TIL: constant folding in python.
September 10, 2022 · 6 mins · 1085 words
I’m working on a blog post about which option is faster x*x
or x**2
, and while writing it I discovered some interesting things about how python is implemented at a low level. So for today’s post I won’t be able to answer which option is faster, but I’ll explain you how python optimizes your code.
First experiment: literals vs symbols
To start let’s go back to the original question: what is faster: x*x
or x**2
? Before getting too rigorous I wanted to run some experiments to get some intuition about the problem, and surprisingly here’s where I found the first weird results. My first experiment was to check if data types had a big impact in this experiment, so I created this first snippet
import time
EXPERIMENTS = 1_000_000
ti = time.time()
for i in range(EXPERIMENTS):
2**2
tf = time.time()
print(f"int**int took {tf-ti:.5f} seconds")
ti = time.time()
for i in range(EXPERIMENTS):
2.**2.
tf = time.time()
print(f"float**float took {tf-ti:.5f} seconds")
And after running it I got
> int**int took 0.03004 seconds
> float**float took 0.03070 seconds
So apparently data types do not have a huge impact. However, the code didn’t look nice to me, so I decided to refactor it a little bit
import time
EXPERIMENTS = 1_000_000
def power_time(base, exponent):
ti = time.time()
for i in range(EXPERIMENTS):
base**exponent
tf = time.time()
return tf-ti
print(f"int**int took {power_time(2, 2):.5f} seconds")

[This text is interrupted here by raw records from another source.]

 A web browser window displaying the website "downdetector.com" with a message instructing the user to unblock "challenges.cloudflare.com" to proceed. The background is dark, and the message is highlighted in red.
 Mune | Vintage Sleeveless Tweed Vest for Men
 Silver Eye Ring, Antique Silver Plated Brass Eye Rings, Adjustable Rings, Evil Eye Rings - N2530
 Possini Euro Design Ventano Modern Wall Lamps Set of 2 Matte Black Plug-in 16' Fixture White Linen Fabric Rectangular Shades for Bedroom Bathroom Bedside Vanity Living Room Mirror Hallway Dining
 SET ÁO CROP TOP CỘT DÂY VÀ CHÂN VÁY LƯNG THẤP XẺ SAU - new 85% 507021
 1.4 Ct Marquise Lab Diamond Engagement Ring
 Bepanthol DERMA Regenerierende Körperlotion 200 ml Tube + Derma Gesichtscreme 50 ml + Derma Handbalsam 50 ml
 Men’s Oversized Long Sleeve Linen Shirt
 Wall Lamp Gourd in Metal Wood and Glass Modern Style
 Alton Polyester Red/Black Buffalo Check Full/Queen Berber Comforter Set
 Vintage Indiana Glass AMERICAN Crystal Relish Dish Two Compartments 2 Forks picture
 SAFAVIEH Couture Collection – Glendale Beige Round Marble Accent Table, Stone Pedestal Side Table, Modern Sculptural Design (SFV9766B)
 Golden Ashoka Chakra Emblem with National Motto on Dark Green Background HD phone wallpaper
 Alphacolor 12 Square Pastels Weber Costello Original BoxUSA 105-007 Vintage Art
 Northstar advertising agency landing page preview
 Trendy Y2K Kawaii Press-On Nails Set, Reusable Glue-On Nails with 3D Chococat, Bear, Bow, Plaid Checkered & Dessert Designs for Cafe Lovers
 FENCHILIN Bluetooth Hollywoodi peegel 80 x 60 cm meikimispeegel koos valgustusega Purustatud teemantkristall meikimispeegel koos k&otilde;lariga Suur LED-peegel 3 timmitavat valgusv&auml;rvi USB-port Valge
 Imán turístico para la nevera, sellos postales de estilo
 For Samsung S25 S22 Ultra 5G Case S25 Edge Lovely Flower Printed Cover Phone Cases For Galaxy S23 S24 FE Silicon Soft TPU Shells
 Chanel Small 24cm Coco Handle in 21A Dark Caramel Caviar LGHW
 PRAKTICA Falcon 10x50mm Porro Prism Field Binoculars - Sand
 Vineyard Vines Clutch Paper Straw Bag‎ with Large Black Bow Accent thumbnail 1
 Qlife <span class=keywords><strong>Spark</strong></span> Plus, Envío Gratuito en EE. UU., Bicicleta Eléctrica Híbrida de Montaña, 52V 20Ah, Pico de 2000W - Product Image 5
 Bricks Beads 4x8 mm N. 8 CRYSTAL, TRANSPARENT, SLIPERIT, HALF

print(f"float**float took {power_time(2., 2.):.5f} seconds")
Same logic as before but less lines of code. However, after running it I got
> int**int took 0.20140 seconds
> float**float took 0.05051 seconds
It makes sense that in the case of float**float
it takes a little bit more, since python needs to pass the arguments to the method and this takes time. But what the hell is happening in the case of int**int
?
After asking about it in several places, I discovered that the problem comes from using literals in the first case and using symbols in the second case. By refactoring the first case to
import time
EXPERIMENTS = 1_000_000
+ BASE = 2
+ EXPONENT = 2
ti = time.time()
for i in range(EXPERIMENTS):
- 2**2
+ BASE**EXPONENT
tf = time.time()
print(f"int**int took {tf-ti:.5f} seconds")
+ BASE = 2.
+ EXPONENT = 2.
ti = time.time()
for i in range(EXPERIMENTS):
- 2.**2.
+ BASE**EXPONENT
tf = time.time()
print(f"float**float took {tf-ti:.5f} seconds")
I got the same results in two cases. The problem didn’t come from data types or methods, but rather from literals and symbols. In the case of using literals, it was much more faster because a technique named constant folding was used by the interpreter.
Constant Folding
This post does not intend to be a deep dive about constant folding, so if you’re here to learn the internals of constant folding I recommend you this post. Here I will just share the intuitions I developed while reading about constant folding.
Basically, constant folding consists in the interpreter replacing constant expressions with their value. For example, the expression A = 10*10
is replaced by the parser by A = 100
.
You can check that by using the dis
module. This module allows you to check the python bytecode of your code. Basically, it allows you to check the “compiled” version of your code. If we run this example
import dis
dis.dis("A=123*10")
we’ll get
1 0 LOAD_CONST 0 (1230)
2 STORE_NAME 0 (A)
4 LOAD_CONST 1 (None)
6 RETURN_VALUE
where the first line indicated that a constant value 1230
has been loaded without having to evaluate 123*10
. This means that the interpreter has replaced 123*10
by 1230
before compiling the code. If instead be run the code
import dis
dis.dis("A=123;B=10;A*B")
we’ll get
1 0 LOAD_CONST 0 (10)
2 STORE_NAME 0 (A)
4 LOAD_CONST 0 (10)
6 STORE_NAME 1 (B)
8 LOAD_NAME 0 (A)
10 LOAD_NAME 1 (B)
12 BINARY_MULTIPLY
14 POP_TOP
16 LOAD_CONST 1 (None)
18 RETURN_VALUE
where we can see that the operation is not pre-computed, and it’ll be executed by the instruction 12 BINARY_MULTIPLY
.
Another interesting point is that the constants are not always folded. For example
import dis
dis.dis("2**64")
dis.dis("2**65")
returns
1 0 LOAD_CONST 0 (4294967296)
2 RETURN_VALUE
1 0 LOAD_CONST 0 (2)
2 LOAD_CONST 1 (65)
4 BINARY_POWER
6 RETURN_VALUE
As we can see, in the first case the constant is folded, but in the second one it’s not. One may ask now which are the rules that python uses to decide which constants are folded and which not, and the answer is surprising: there are not rules, it’s an implementation detail! This means that constant folding implementation can change between python versions and you shouldn’t rely on it. See this answer for more details about the implementation details of constant folding.